Anche per il 2020 è possibile riallineare il costo storico dei terreni, sia agricoli che edificabili, al valore venale all’01.01.2020, pagando un’imposta sostitutiva delle imposte sui redditi pari all’11%. Non sempre il valore indicato nella successiva vendita del terreno coincide con quello di perizia. La sentenza 2321/2020 delle Sezioni Unite, dirimendo un contrasto di giurisprudenza, fa chiarezza sulle conseguenze della divaricazione di valori tra perizia di stima ed atto di vendita.

 

Indice:

1. Cos’è l’affrancamento del valore dei terreni?

2. Quali sono i benefici dell’affrancamento di valore per i contribuenti?

3. La perizia di stima e l’atto di vendita del terreno devono indicare valori identici?

4. Qual è la novità della sentenza 2321/2020 delle Sezioni Unite della Cassazione?

 

1. Cos’è l’affrancamento del valore dei terreni?

L’affrancamento è un termine tecnico che significa l’aggiornamento del valore di acquisto o del costo storico di un terreno: costo storico se il terreno è stato acquisito per successione, valore di acquisto se il terreno è stato acquistato a titolo oneroso.

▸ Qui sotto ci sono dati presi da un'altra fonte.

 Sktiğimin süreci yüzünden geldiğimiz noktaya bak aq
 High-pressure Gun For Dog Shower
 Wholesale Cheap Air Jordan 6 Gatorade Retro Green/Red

L’affrancamento dei terreni sia a vocazione agricola che edificabili è uno strumento utilizzato dallo Stato per ottenere entrate fiscali e dai proprietari di terreni per ridurre il carico fiscale che, altrimenti, graverebbe sulla plusvalenza realizzata dalla vendita dei terreni.

La facoltà di rivalutazione venne introdotta dall’articolo 18 della Legge 47/1985 e l’ultima norma di questo senso è l’articolo 1, commi 693 e 694 della Legge 160/2019.

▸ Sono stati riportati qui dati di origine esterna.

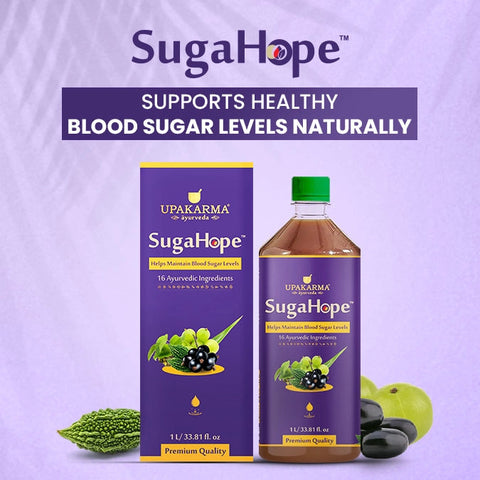 Upakarma Ayurveda SugaHope Diabetic Care Juice 1L
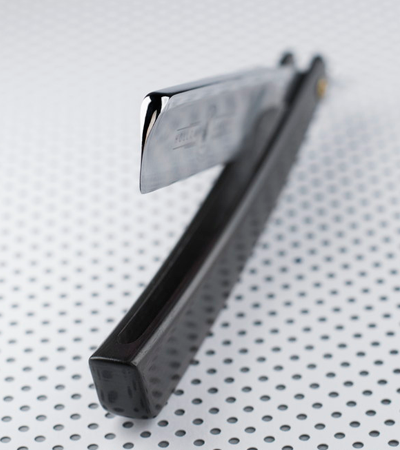 Опасная бритва MUEHLE, африканское черное дерево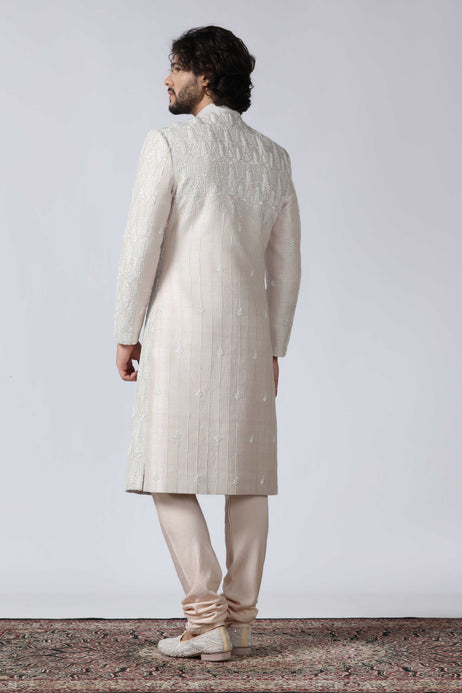 Brahaan Classic Sherwani Set for Men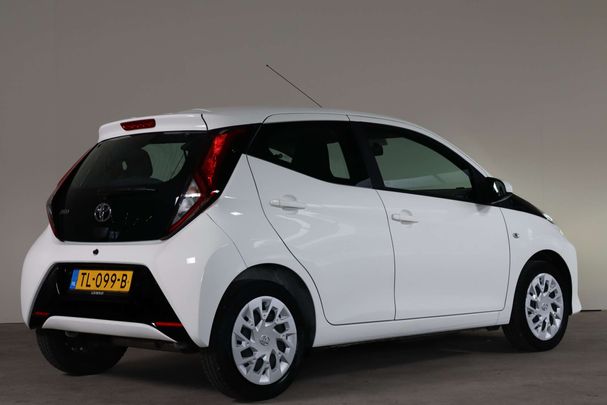 Toyota Aygo 54 kW image number 4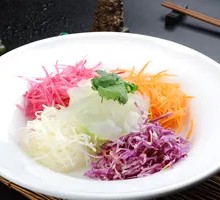 Colorful Glass Noodles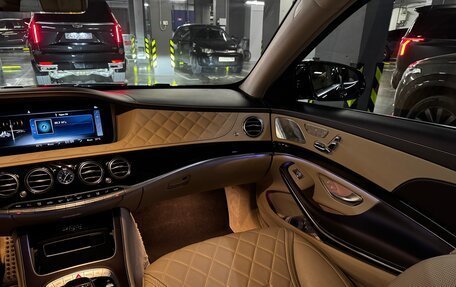 Mercedes-Benz S-Класс, 2018 год, 7 800 000 рублей, 10 фотография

I beneficiari dell’affrancamento di valore stabilito dall’articolo 1, commi 693 e 694 della Legge 160/2019 sono i proprietari dei terreni agricoli o edificabili diversi dalle imprese commerciali e dagli esercenti arti e professioni.

Il costo storico o il valore di acquisto di questi terreni, che devono essere posseduti all’1.01.2020, vengono aggiornati al valore venale all’1.01.2020, determinato con un’apposita perizia giurata, che dev’essere redatta entro il 30.06.2020 da un tecnico abilitato.

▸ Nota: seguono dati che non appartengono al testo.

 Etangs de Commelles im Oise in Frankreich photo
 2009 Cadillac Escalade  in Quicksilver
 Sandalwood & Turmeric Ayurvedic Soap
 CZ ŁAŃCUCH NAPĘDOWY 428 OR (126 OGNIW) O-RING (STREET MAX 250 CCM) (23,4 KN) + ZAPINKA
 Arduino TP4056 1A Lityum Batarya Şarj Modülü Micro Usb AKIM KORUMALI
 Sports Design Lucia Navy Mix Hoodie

Sul valore periziato il proprietario paga, entro il 30.06.2020, un’imposta sostitutiva di quella sui redditi, nella misura dell’11%.

 

2. Quali sono i benefici dell’affrancamento di valore per i contribuenti?

L’affrancamento del valore del terreno attua una sostanziale rivalutazione del costo storico al valore venale all’1.01.2020 e permette al proprietario di ridurre il carico fiscale in caso di vendita.

Per consentire una migliore comprensione introduco una breve digressione sulla tassazione delle vendite dei terreni.

Le persone fisiche, gli enti non commerciali e le società semplici che cedono un terreno agricolo o edificabile (articolo 67, primo comma, lett. a), D.P.R. 917/86) devono assoggettare la vendita all’imposta sui redditi.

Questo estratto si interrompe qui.